Anthropic Facing Copyright Lawsuit Over Alleged Misuse of Pirated Books in AI Training
The artificial intelligence company Anthropic has been hit with a class-action lawsuit in California federal court by three authors who claim the company misused their copyrighted works and hundreds of thousands of others to train its popular AI chatbot, Claude.
The complaint, filed on Monday by writers Andrea Bartz, Charles Graeber, and Kirk Wallace Johnson, alleges that Anthropic knowingly used pirated versions of their books and other copyrighted materials to teach Claude how to respond to user prompts. The authors argue that this constitutes a “large-scale theft” of their intellectual property.
“It is no exaggeration to say that Anthropic’s model seeks to profit from strip-mining the human expression and ingenuity behind each one of those works,” the lawsuit states.
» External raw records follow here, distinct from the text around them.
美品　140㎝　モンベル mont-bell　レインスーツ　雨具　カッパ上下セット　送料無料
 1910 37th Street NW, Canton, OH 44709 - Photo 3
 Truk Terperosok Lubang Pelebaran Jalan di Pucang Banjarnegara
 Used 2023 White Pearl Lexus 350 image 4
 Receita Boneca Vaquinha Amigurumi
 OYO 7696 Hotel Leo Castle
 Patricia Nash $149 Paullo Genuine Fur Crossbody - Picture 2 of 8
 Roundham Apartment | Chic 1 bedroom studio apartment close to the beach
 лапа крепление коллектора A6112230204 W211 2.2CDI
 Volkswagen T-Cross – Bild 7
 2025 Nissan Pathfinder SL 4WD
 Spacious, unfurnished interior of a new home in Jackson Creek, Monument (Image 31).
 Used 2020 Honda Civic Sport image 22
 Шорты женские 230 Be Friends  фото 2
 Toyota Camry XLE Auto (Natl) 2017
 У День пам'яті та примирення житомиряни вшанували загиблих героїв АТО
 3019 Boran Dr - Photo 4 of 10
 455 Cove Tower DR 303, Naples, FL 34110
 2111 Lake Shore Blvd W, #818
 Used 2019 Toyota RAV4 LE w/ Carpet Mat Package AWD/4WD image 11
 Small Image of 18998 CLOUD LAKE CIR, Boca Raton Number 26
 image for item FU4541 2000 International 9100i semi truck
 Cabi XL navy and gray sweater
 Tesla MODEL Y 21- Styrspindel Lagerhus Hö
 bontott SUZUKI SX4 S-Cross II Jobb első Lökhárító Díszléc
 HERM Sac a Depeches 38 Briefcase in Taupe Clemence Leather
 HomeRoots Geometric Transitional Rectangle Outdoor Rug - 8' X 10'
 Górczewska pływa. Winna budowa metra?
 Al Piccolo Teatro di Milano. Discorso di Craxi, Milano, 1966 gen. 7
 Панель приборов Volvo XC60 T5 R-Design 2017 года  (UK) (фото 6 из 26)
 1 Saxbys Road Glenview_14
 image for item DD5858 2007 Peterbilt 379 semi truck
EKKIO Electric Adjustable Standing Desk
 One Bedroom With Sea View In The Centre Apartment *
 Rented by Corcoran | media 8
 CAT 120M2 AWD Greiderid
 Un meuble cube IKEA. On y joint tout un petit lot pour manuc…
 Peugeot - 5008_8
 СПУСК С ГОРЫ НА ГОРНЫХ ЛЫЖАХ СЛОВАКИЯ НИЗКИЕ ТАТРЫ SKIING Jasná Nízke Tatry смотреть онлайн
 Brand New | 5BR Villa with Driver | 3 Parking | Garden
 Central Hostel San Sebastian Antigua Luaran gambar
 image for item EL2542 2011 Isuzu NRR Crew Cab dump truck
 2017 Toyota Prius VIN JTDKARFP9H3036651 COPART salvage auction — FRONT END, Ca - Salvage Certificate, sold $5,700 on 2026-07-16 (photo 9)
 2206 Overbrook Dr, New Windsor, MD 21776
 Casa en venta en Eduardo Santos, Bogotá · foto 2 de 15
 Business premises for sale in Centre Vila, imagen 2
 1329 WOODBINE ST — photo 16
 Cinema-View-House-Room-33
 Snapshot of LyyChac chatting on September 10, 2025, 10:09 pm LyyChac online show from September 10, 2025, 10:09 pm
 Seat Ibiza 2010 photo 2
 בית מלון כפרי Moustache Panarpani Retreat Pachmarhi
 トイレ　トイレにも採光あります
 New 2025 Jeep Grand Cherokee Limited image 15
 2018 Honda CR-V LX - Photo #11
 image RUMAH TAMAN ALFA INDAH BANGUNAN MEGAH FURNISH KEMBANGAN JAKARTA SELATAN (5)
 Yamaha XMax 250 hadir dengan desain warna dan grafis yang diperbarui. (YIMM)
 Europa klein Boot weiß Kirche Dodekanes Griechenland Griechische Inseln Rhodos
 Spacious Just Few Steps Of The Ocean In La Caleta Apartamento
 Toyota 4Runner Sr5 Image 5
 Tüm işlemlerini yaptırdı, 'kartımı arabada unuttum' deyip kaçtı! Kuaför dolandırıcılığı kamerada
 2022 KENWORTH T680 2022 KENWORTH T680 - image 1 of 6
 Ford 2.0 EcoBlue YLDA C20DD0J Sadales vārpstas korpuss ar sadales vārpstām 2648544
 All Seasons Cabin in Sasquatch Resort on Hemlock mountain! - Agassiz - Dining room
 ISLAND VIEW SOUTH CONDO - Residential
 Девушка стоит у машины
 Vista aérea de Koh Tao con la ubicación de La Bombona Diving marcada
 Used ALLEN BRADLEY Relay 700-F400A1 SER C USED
This lawsuit marks the latest in a series of legal challenges facing AI companies over their use of copyrighted material to train their language models. Similar cases have been filed against industry leaders like OpenAI and Meta, with authors, news outlets, and even music publishers accusing these firms of infringing on their intellectual property rights.
Anthropic, a San Francisco-based startup founded by former OpenAI executives, has positioned itself as a more responsible and safety-focused developer of generative AI. However, the authors allege that the company’s actions have “made a mockery of its lofty goals” by tapping into repositories of pirated writings to build its AI product.
The lawsuit claims that Anthropic used a dataset called “The Pile,” which includes a massive library of pirated ebooks, to train Claude. The authors argue that Anthropic could have obtained licenses to use the copyrighted material, but instead “made the deliberate decision to cut corners and rely on stolen materials.”
The plaintiffs are seeking an unspecified amount of monetary damages and a permanent injunction to prevent the company from further misusing their work.
As the AI industry continues to grapple with the complex issue of copyright and fair use, this case highlights the growing tensions between technology companies and creators. The outcome of this and similar lawsuits could have significant implications for how AI models are developed and trained in the future.